It’s going to take more than voluntary work to tackle this pressing problem.

A couple of years ago, Belfast Zoo established a red squirrel nook as part of a wider initiative to protect endangered native species.  Recent reports about success in the breeding programme provide some cautious grounds for optimism.

Birdlife

Taking our minds off the elusive red squirrels, birdlife in Lagan Valley Park present a brighter picture.   
The musical sounds of great tits can be heard trilling “teacher teacher.”  The even more melodious blackcap can sometimes be heard singing like an operatic diva.  
I have also seen starlings, blue tits, thrushes, coal tits and, on occasions the rare and mouse-like vertically moving tree creepers.
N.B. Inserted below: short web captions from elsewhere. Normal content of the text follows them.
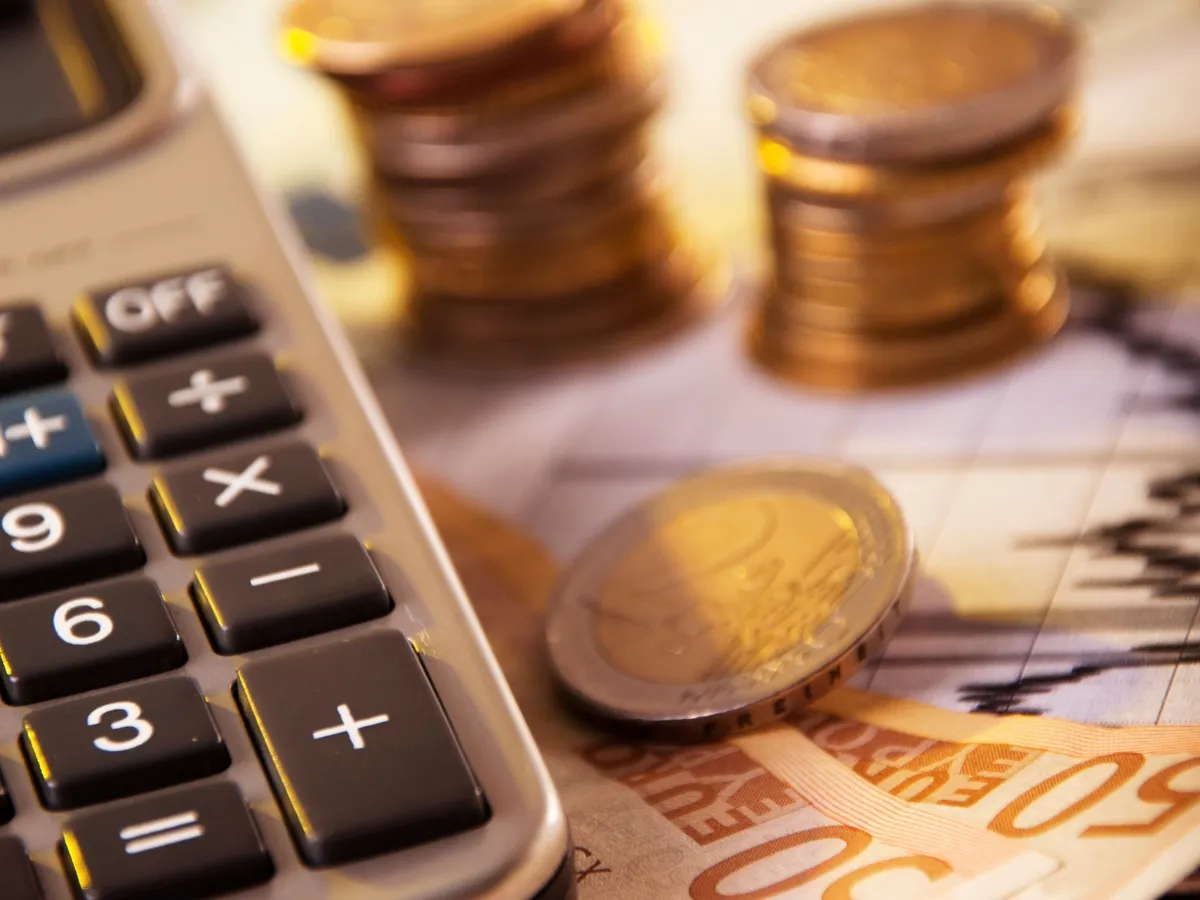 Calculator, coins, and euro banknotes close-up.
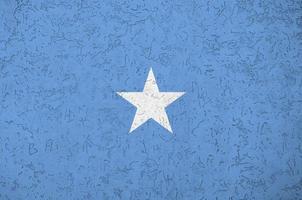 bandeira da Somália retratada em cores de tinta brilhante na parede de reboco em relevo antigo. banner texturizado em fundo áspero foto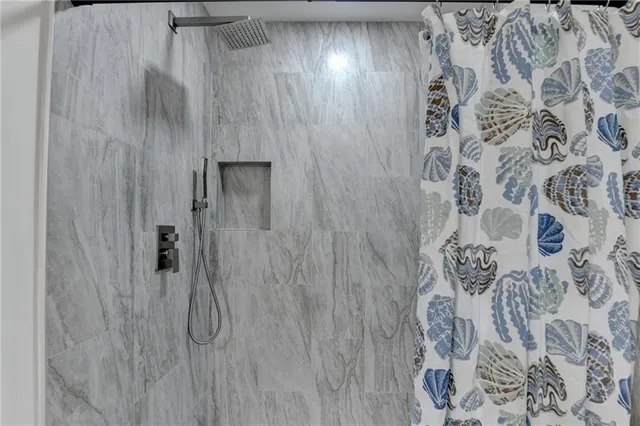 a view of a hallway with closet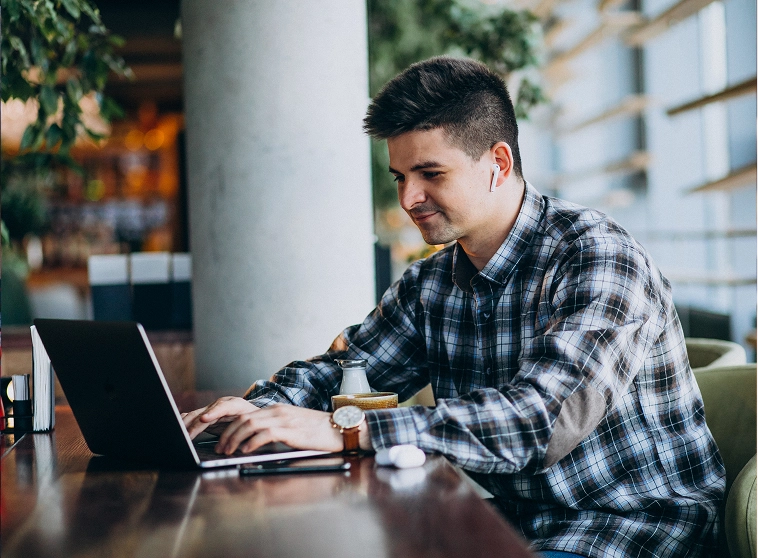 A person working on Laptop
For me, however, the heron is the most majestic bird in Lagan Valley as it perches itself statuesquely yet with hidden menace on a strategically placed branch protruding from the water.
The Park is also home to other animals like foxes and rabbits.

Threats

Ben Simon describes Belvoir Park as the “prime example of a woodland under threat.” He says that the wooded former Demesne with its collection of veteran oaks is “of regional importance, and yet there is a plan for a bus route to be constructed amongst the trees.”  In which case questions arise about the sustainability of the Government’s transportation strategy.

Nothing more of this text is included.